> [DATA FOR REVIEW]

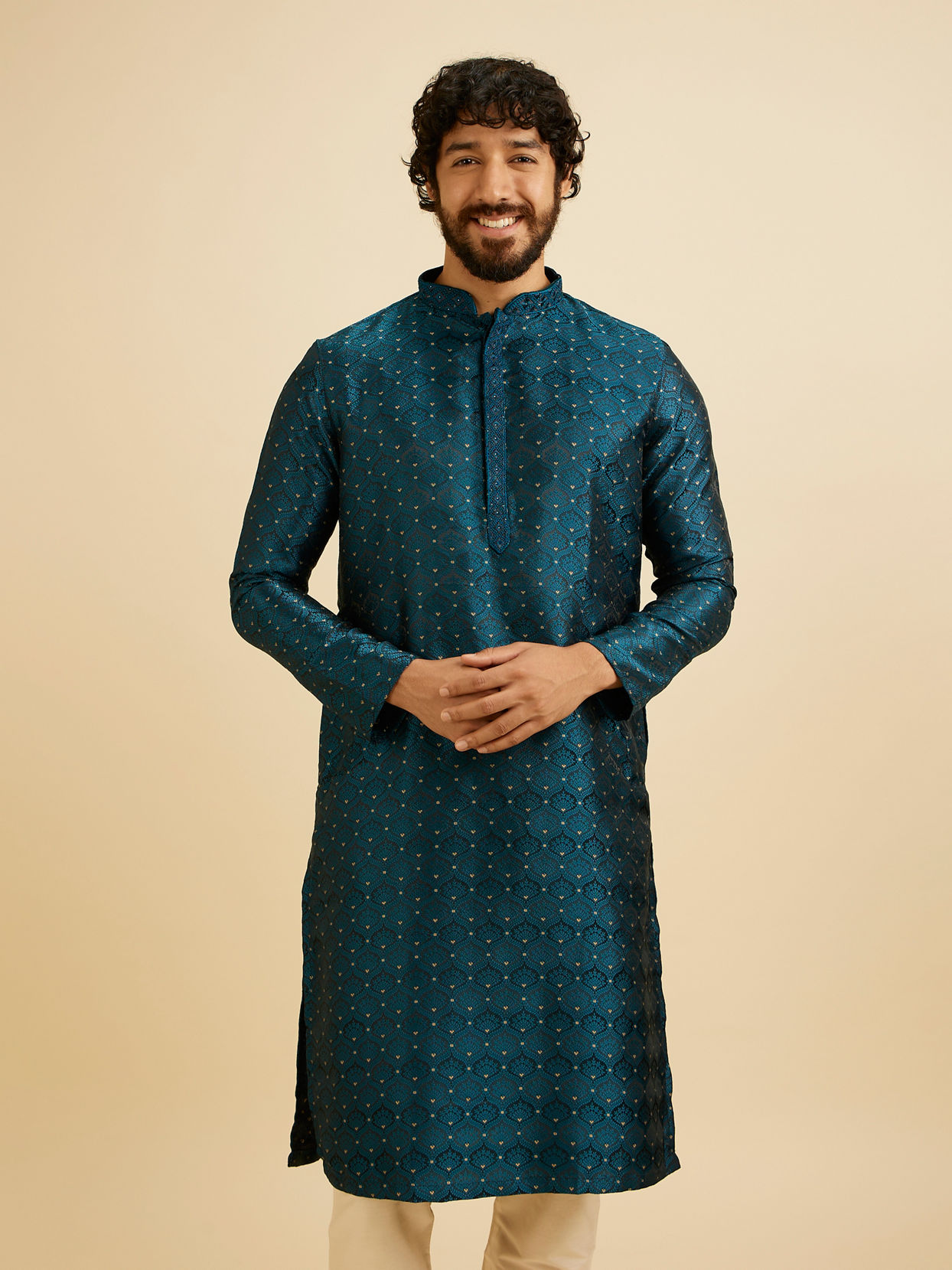 Manyavar Men Teal Blue Jaal Patterned Kurta Set with Floral Buta Motifs image number 0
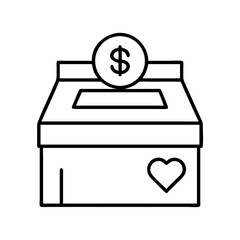 Donation box with dollar coin vector icon for charity fundraising and financial support symbol design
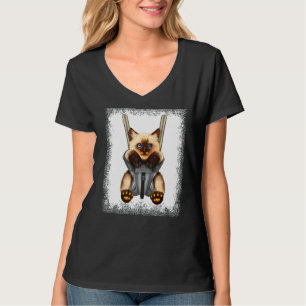 Camiseta Vintage Bleached Cute Siamese Kitten Baby Sling Re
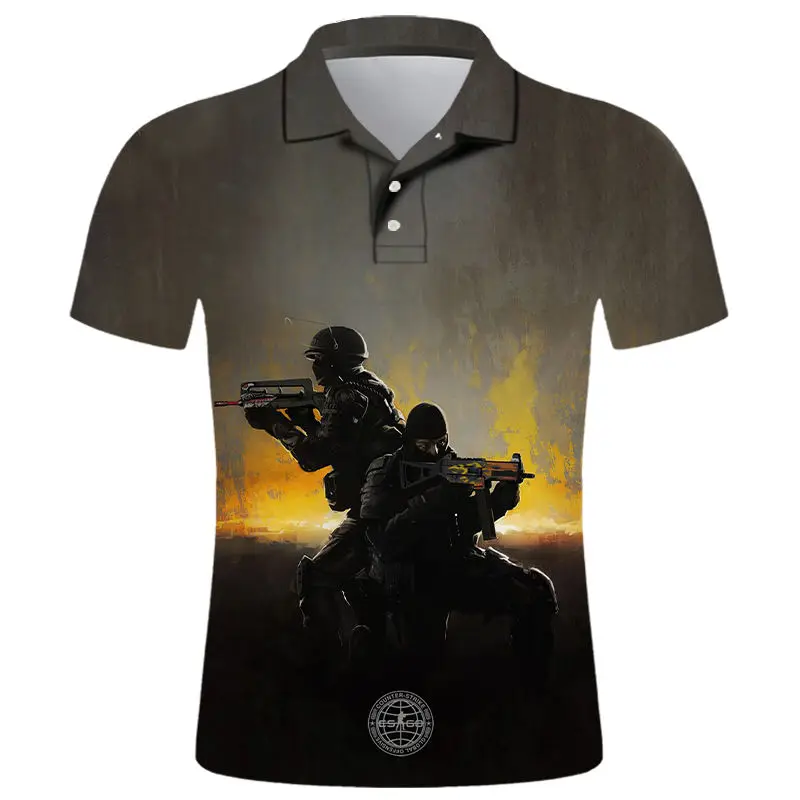 

New Games CS GO 3D Printed Hombre Camisas De Polo Harajuku Men Casual Fashion Short Sleeve Comics Streetwear Shirts Cool Ropa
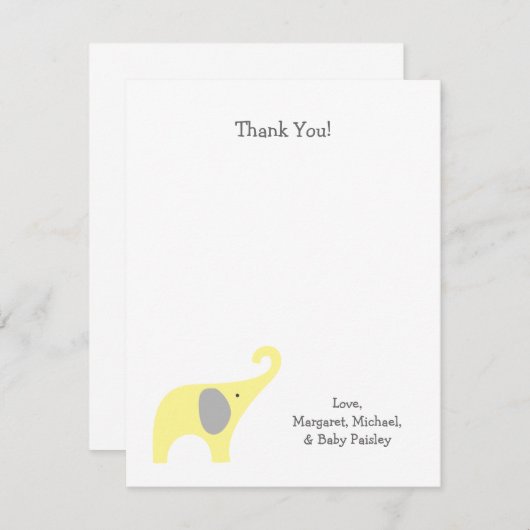 黄色い灰色象のベビーシャワーはノート感謝していしています サンキューカード (正面/裏面)
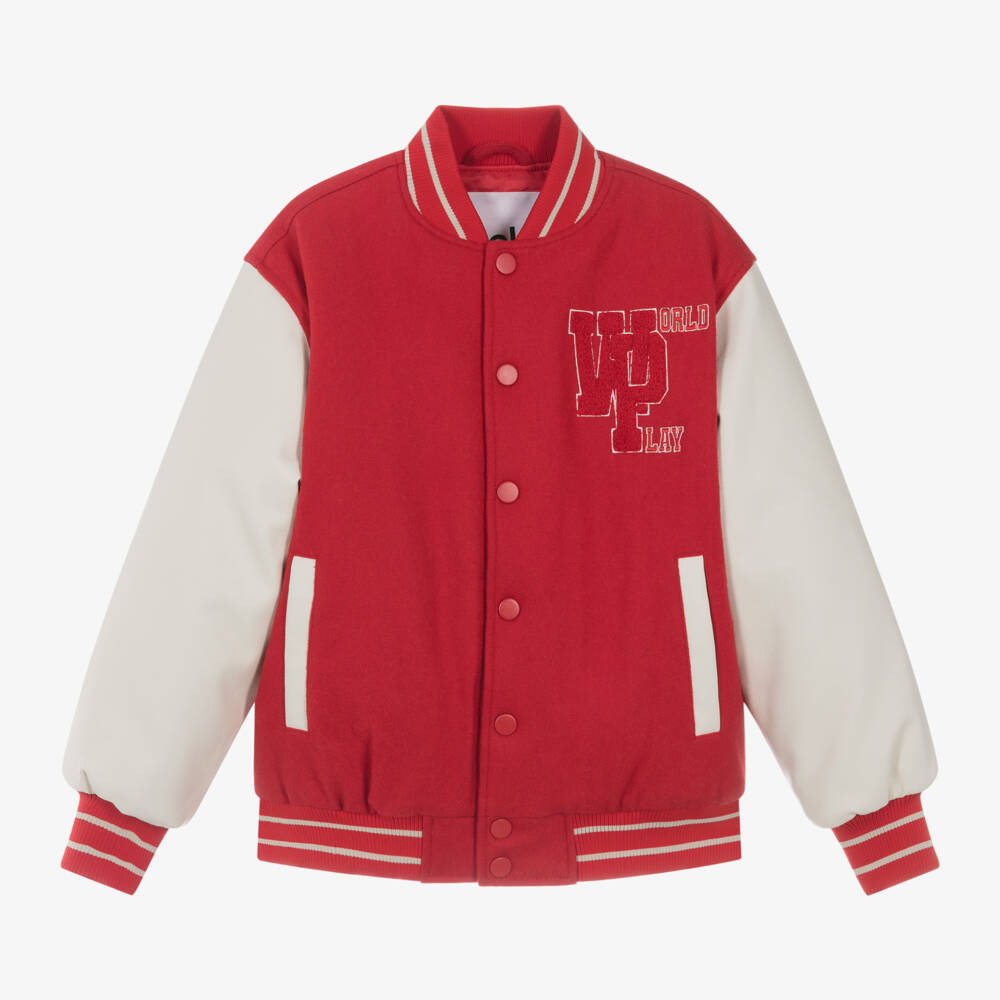 Molo-Boys Red Wool Bomber Jacket | Childrensalon Outlet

> [THE TASK] When you repeat the records, reproduce each line exactly and drop the images.

> [RESULT]
 Manyavar Men Teal Blue Jaal Patterned Kurta Set with Floral Buta Motifs image number 0
 Donation box with dollar coin vector icon for charity fundraising and financial support symbol design
 Camiseta Vintage Bleached Cute Siamese Kitten Baby Sling Re

New Games CS GO 3D Printed Hombre Camisas De Polo Harajuku Men Casual Fashion Short Sleeve Comics Streetwear Shirts Cool Ropa
 黄色い灰色象のベビーシャワーはノート感謝していしています サンキューカード (正面/裏面)
 Molo-Boys Red Wool Bomber Jacket | Childrensalon Outlet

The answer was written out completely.